The title is acknowledged before an artificial vista for the turbulence beneath the placid surface, "you can't always see it but it's there," so it goes with Vincente Minnelli's melodramas. The chemist's daughter (Katharine Hepburn) falls for a famed industrialist (Robert Taylor), a boiling test tube dissolves to the wedding ceremony. "The cash and the figure. Nice you got together." Adrift in a Washington party, rattling in the Virginia mansion, the "dowdy" bride remade into a chic socialite, the dream world swiftly darkening. The husband tenses up at the mention of the estranged brother, who's conjured up by Stevenson poems and Brahms pieces for the fascination of the inquisitive heroine.

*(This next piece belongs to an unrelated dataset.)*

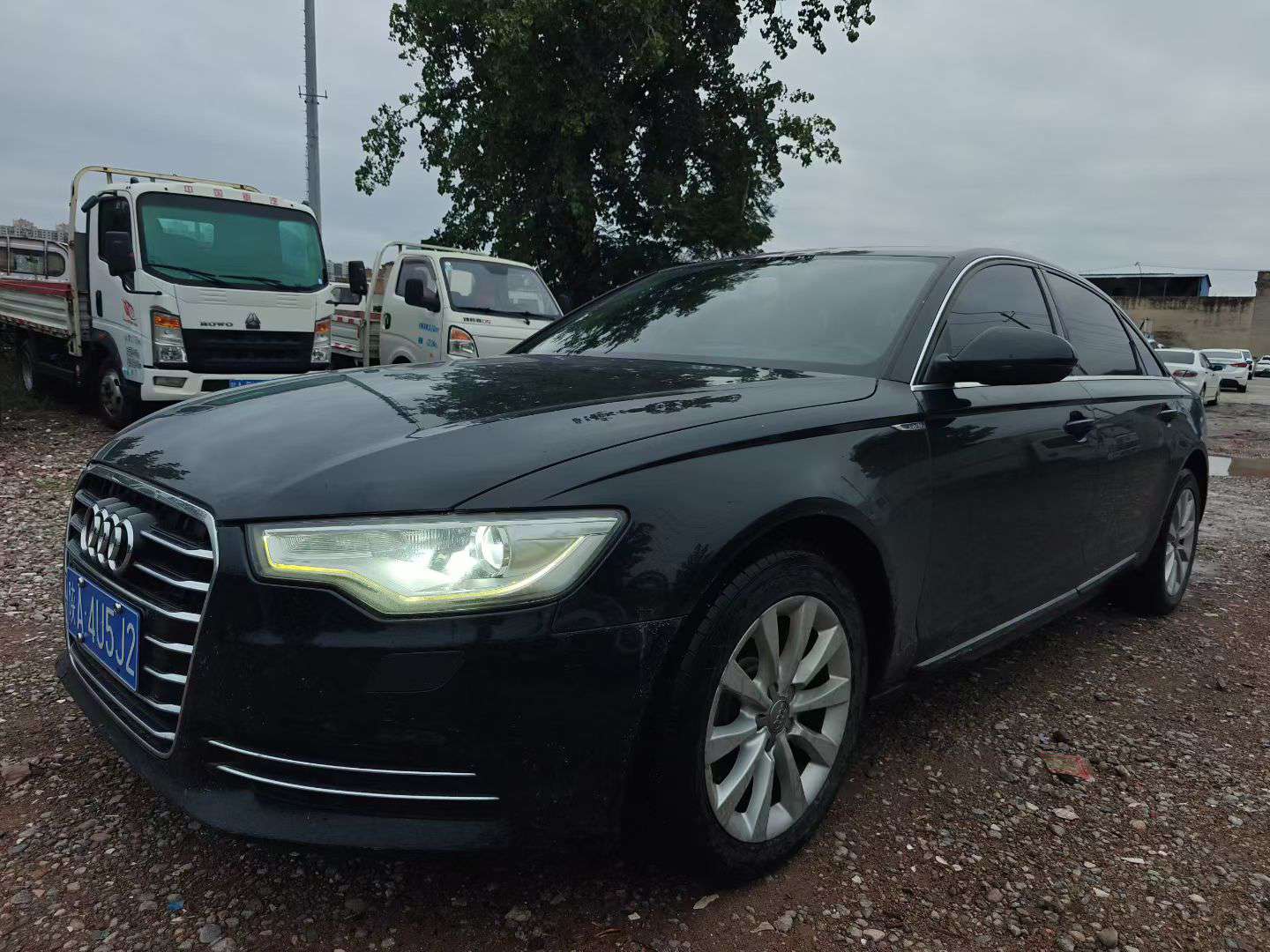 Audi A6 2.5L V6 Automatic with Sunroof 2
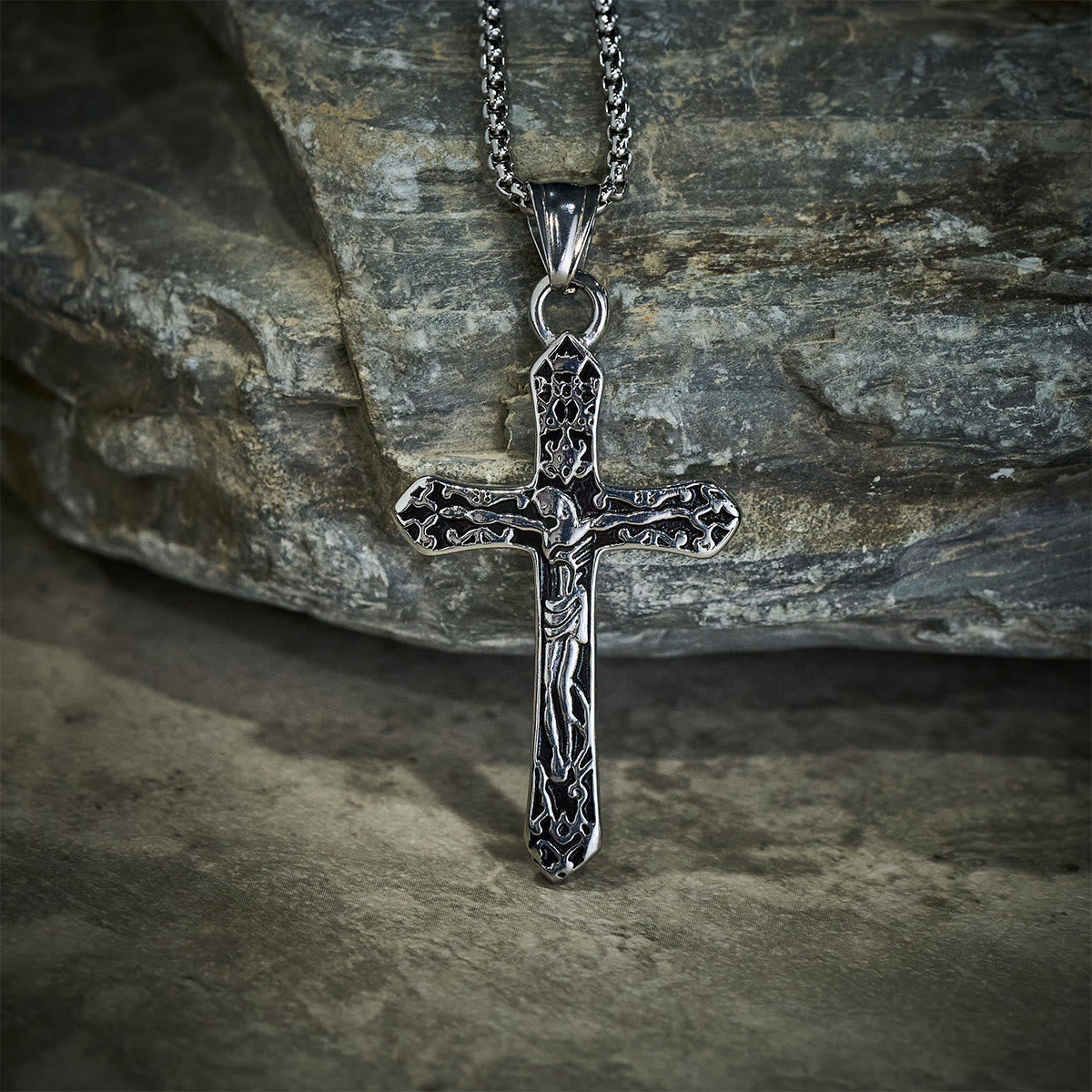 Collar clásico de cruz ornamentada de acero inoxidable: un símbolo profundo de fe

Eventually the specter is given Robert Mitchum's face, back to stir the murky past of neurosis and murder. "A sign of bad character, isn't it?" Gothic torment unsettles opulent gloss, "old-fashioned trust and blind faith" no longer paper over the bourgeois cracks. (The raving vagabond in the stables points up the Rebecca connection, and there's the Suspicion angle for the close-up of a sinister cup of coffee.) A San Francisco ranch, bare and luminous for one sibling and for the other full of swaying shadows. The casting runs strikingly against type—Hepburn at her most unguarded, the cruel strain of Taylor's handsome mask, Mitchum the thoughtful aesthete. A most abstruse picture of the war, Abel gets his gun overseas while on the homefront Cain makes his fortune by killing a German inventor. "Don't you ever go to the movies? It happens all the time." The fulminating stallion completes the equation, the terrorized woman's ride by the cliff's edge is unmistakably a rehearsal for the drives of The Bad and the Beautiful and Two Weeks in Another Town. With Edmund Gwenn, Marjorie Main, Jayne Meadows, Clinton Sundberg, Kathryn Card, and Leigh Whipper. In black and white.